Engineering Measuring Current Flow Through Neutral Wire with Open Phase R

[lukus09]

https://www.physicsforums.com/attachment ...

how do i measure the current flow threw the neutral wire if phase R is open circuited? the impedance per load is 3+7j

 

[Kruum]

Your link gives a 404 error...

 

[lukus09]

https://www.physicsforums.com/attachment.php?attachmentid=18054&d=1237464777
that should work

 

[Kruum]

Do you need to physically measure it by using an ammeter or calculate it? And you'll have to show your attempt before we can give you a push in the right direction.

 

[lukus09]

both. i attached an ammeter to the neutral wire and i put an access wire from the input of the ac power suplly to the out R and i have got a reading, but i need to hand calculate it.

 

[Kruum]

Okay, I've never heard of access wire (I'm non-english) but I assume it open circuits the R phase, as you described in your first post.

But this calculation should be fairly simple to do with only the basic knowledge of AC circuits and KCL. Just think what happens to the current if a circuit is opened and what happens when currents meet in a node. I assume you have had theory on 3-phase and you know the phases of the power supplies in such a system.

 

[lukus09]

as far as i am aware it is now an unbalanced load meaning the current of R, Y and B is Ir+Ib+Ic?and I am sure the impedance 3+7j is needed to work it out to.

 

[Kruum]

You're right, but if the R-phase is opened, is there a current trough that wire? And you can substitute the one voltage supply with three different ones in each loop with the same voltage, but different phase since they are in star formation. Can you tell me what the phases are?
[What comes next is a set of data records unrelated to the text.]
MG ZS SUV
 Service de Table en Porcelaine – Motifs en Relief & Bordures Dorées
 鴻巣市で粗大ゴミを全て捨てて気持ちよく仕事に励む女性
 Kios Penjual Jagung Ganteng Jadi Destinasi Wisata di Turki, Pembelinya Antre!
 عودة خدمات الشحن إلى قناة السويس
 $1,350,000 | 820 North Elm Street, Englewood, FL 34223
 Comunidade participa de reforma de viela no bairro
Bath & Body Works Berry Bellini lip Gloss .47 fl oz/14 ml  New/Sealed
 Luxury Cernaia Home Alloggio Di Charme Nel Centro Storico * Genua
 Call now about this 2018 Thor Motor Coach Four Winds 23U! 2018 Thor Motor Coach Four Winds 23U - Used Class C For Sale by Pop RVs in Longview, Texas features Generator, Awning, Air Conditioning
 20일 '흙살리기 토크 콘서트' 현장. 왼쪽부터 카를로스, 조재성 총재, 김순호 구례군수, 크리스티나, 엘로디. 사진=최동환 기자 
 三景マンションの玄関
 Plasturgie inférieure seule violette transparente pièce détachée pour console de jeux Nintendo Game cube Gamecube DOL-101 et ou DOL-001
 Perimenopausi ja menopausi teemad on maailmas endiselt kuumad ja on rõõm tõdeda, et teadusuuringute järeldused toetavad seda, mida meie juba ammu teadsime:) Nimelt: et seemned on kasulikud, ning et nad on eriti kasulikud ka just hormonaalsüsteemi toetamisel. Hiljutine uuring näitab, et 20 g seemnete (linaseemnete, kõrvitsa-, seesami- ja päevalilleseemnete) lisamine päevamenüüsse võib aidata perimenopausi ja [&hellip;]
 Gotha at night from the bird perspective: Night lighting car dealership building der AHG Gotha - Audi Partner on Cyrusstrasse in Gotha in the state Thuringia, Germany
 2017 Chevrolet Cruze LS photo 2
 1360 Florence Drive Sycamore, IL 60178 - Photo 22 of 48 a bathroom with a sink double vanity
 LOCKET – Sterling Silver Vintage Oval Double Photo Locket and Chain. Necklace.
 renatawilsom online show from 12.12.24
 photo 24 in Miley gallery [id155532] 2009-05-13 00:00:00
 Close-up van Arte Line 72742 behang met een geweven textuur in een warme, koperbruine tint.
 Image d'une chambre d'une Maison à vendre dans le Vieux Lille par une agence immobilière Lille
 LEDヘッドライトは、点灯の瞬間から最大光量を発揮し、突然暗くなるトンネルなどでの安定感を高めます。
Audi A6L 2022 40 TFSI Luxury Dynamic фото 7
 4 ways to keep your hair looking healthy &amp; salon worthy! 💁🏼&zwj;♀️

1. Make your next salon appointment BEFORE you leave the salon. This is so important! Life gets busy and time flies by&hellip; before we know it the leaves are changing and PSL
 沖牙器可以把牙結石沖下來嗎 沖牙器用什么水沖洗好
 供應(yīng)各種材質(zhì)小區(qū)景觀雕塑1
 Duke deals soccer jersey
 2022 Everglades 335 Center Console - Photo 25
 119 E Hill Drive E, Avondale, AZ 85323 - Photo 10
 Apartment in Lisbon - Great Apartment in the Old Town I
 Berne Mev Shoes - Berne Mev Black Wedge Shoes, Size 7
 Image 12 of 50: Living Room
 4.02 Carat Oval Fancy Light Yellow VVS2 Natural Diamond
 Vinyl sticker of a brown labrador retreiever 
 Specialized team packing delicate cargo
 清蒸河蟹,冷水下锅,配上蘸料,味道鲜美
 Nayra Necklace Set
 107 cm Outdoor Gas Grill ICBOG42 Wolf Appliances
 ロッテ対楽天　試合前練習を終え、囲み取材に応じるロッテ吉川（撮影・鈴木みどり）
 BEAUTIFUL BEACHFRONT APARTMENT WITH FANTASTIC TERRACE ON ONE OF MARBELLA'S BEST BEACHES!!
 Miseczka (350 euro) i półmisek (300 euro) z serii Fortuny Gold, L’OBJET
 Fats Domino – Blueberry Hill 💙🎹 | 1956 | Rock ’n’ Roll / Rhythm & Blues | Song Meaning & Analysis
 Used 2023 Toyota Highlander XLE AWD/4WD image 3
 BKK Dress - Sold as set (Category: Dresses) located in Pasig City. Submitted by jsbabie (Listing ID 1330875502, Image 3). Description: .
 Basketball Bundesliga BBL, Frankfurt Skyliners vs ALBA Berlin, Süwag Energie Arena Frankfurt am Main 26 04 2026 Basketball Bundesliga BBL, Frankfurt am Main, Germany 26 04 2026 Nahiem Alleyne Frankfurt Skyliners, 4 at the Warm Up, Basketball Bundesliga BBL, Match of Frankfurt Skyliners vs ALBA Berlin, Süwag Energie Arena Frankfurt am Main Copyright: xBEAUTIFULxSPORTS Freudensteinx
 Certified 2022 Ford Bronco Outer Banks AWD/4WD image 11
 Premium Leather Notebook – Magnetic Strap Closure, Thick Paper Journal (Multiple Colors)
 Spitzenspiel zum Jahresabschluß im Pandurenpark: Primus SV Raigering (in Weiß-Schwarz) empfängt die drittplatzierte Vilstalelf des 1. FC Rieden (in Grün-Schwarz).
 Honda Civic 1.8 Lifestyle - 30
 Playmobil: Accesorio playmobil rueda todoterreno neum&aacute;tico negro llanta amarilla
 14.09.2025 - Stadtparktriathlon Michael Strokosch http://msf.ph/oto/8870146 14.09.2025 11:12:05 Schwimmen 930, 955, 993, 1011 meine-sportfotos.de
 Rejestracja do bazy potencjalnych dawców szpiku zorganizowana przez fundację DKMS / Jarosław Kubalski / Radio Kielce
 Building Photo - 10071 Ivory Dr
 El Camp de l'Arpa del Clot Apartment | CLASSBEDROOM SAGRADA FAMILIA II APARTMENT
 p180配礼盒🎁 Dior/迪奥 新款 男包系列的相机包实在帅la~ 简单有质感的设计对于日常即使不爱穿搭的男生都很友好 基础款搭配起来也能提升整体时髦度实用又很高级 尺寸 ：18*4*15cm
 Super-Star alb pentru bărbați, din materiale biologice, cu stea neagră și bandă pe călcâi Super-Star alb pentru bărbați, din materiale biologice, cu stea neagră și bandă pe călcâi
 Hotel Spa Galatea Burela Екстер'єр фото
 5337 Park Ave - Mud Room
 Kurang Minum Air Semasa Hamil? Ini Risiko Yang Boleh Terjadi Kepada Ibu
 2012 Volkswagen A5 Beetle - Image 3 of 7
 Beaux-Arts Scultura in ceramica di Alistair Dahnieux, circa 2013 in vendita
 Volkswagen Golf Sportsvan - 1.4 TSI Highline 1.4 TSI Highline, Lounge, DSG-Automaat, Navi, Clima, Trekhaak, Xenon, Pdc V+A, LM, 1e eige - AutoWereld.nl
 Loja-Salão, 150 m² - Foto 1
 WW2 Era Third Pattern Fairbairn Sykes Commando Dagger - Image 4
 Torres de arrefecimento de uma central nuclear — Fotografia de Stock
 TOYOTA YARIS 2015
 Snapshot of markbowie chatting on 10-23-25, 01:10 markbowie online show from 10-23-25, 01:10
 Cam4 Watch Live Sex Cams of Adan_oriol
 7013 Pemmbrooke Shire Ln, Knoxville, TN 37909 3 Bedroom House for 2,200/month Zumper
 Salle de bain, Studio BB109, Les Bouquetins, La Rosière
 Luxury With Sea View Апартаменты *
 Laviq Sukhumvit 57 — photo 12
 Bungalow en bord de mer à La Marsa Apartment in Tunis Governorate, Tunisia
If you are having trouble figuring the phases out, here's a good reading to find them out.

 

[lukus09]

do i need to know the phases to work out the current in the nuetral wire?

 

[Kruum]

do i need to know the phases to work out the current in the nuetral wire?

Yes you do. The phases of the voltage supplies affect the phases of the currents. The phases of the voltage are standardized, though.

 

[lukus09]

sorry jus realized the impedance is 7+3j. i have worked out the phases to be Z1 is -23.2, Z2 is -143.2 and Z3 is 263.2

 

[Kruum]

Do you mean the phases of the currents? And is the impedance 3+j7 or 7+3j, you have given two different values?

 

[lukus09]

yes and it is 7+j3

 

[Kruum]

yes and it is 7+j3

Right. The phase of I2 is correct, but I guess there's a typo in I3. Shouldn't it be -263.2? And the current for I1 would be right if the wire wasn't open circuited. I have given you hints earlier, of what the value of I1 should be.

Once you find out the I1, you are all set to calculate as you have said, I1+I2+I3. You probably have the magnitude as well, if you have determined the phases.

 

[lukus09]

yes it is a typo it is -263.2. I only need the magnitude do i not? just to find the amps in the neutral wire though and the magnitude is the same for each phase i get it to be 7.62A?

 

[Kruum]

I only need the magnitude do i not? just to find the amps in the neutral wire though and the magnitude is the same for each phase i get it to be 7.62A?

That could be, but usually when they ask for current they want the phase as well. You are right, though, the magnitude is the same for each phase and its the same for the current in the neutral wire. But I get about double the magnitude you get. How did you calculate it.

 

[lukus09]

squareroot(14^2 + 6^2) = 15.23

 

[Kruum]

Um, now you have calculated the magnitude of the impedance and doubled it. To find out the current, you have to use Ohm's law.

 

[lukus09]

so its 115/squareroot(7^2+3^2) = 15.1? but that is the same as the line current :S:S

 

[Kruum]

In this case their magnitude are the same, since only two wires are carrying a current.

 

[lukus09]

so is 15.1 the correct answer, what explains the non zero value other than its unbalanced?

 

[Kruum]

If you used the correct values, then it should be. But I can't think of any other reason than unbalanced load.